> [PROVIDED MATERIAL]:
····················

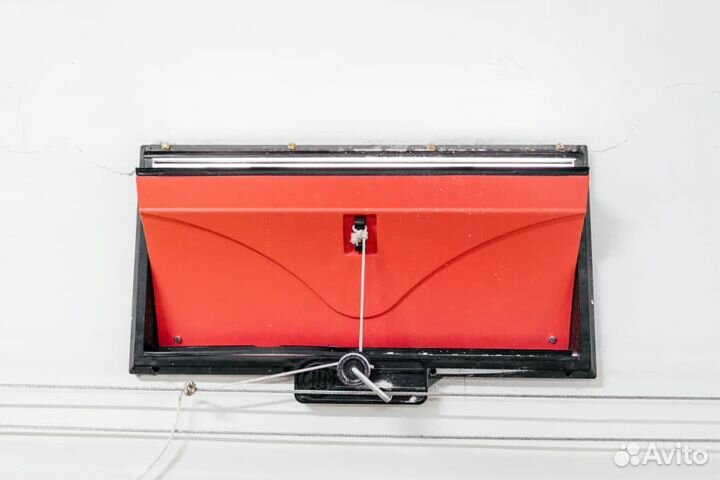 Приточная форточка (клапан) для птичника,птицеферм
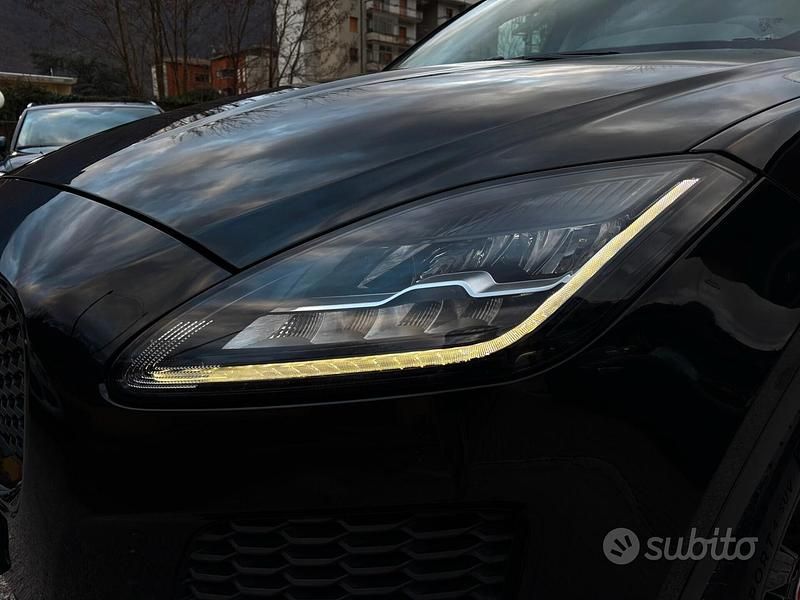 Usata Jaguar E-Pace R-Dynamic 150 CV (110 kW) 2018 Santorini black SUV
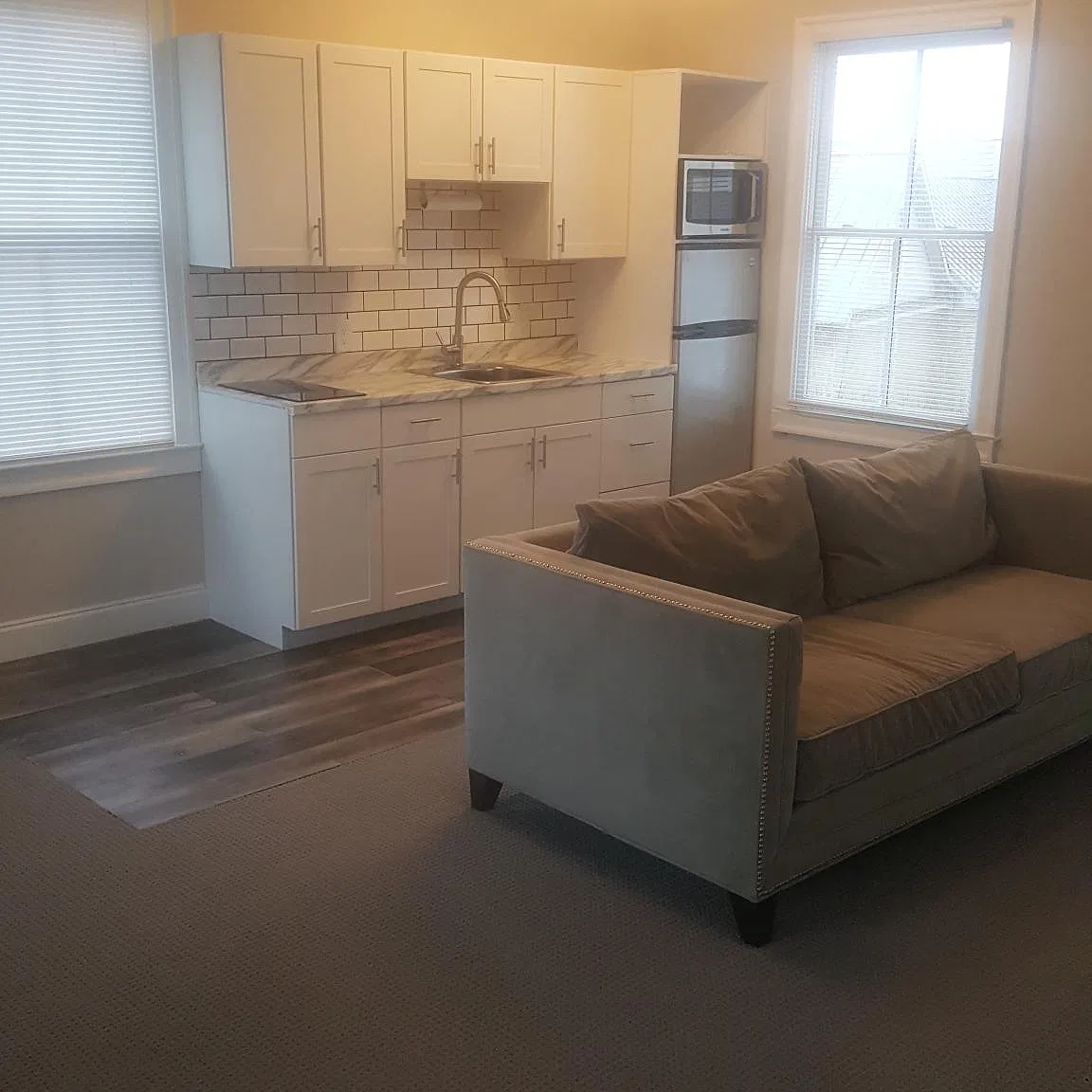 Studio, 660 sqft, $1,795 — Photo 4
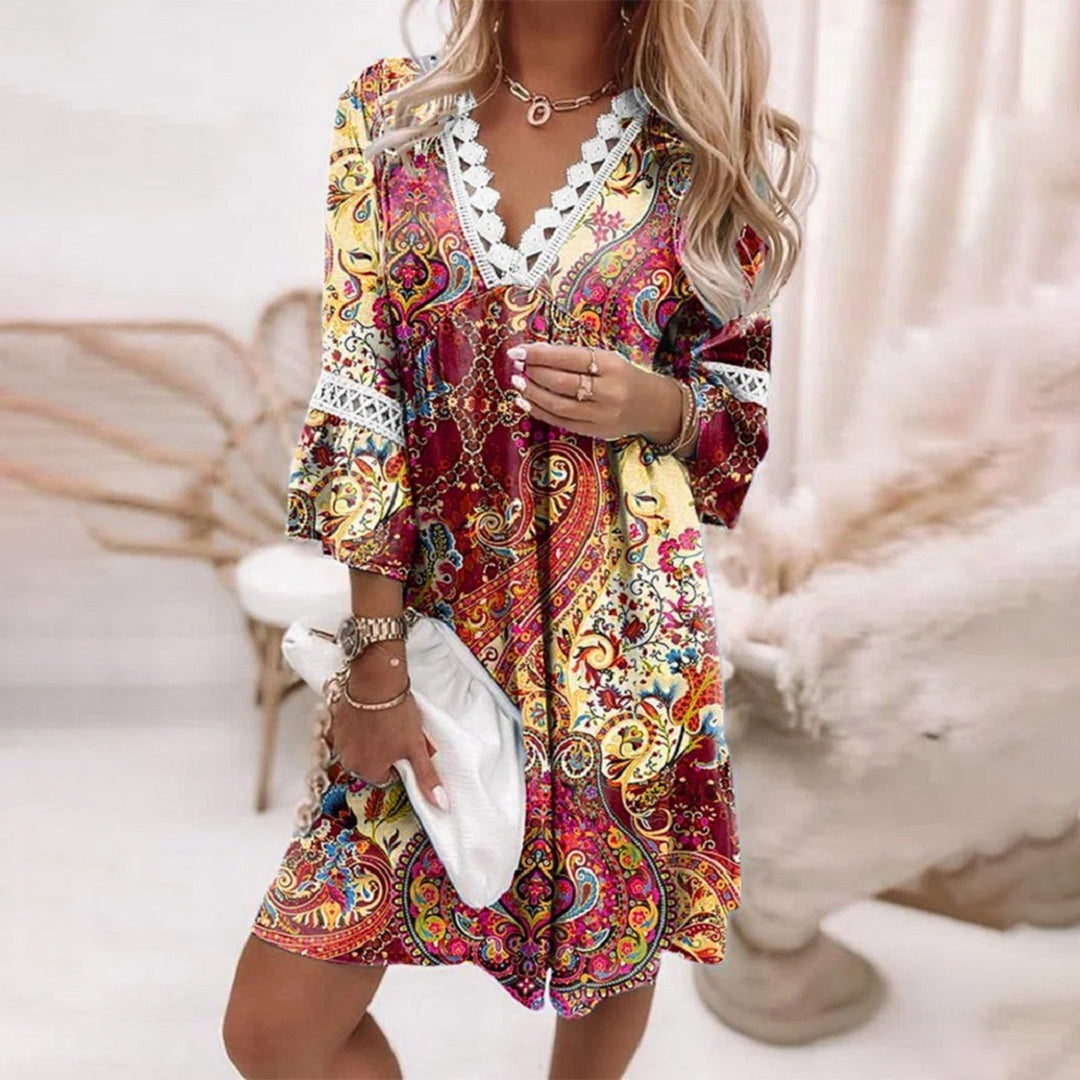 R&B | Besticktes V-Ausschnitt Kleid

····················

None of the pictures should be carried over when the data above is transcribed exactly.

 Приточная форточка (клапан) для птичника,птицеферм
 Usata Jaguar E-Pace R-Dynamic 150 CV (110 kW) 2018 Santorini black SUV
 Studio, 660 sqft, $1,795 — Photo 4
 R&B | Besticktes V-Ausschnitt Kleid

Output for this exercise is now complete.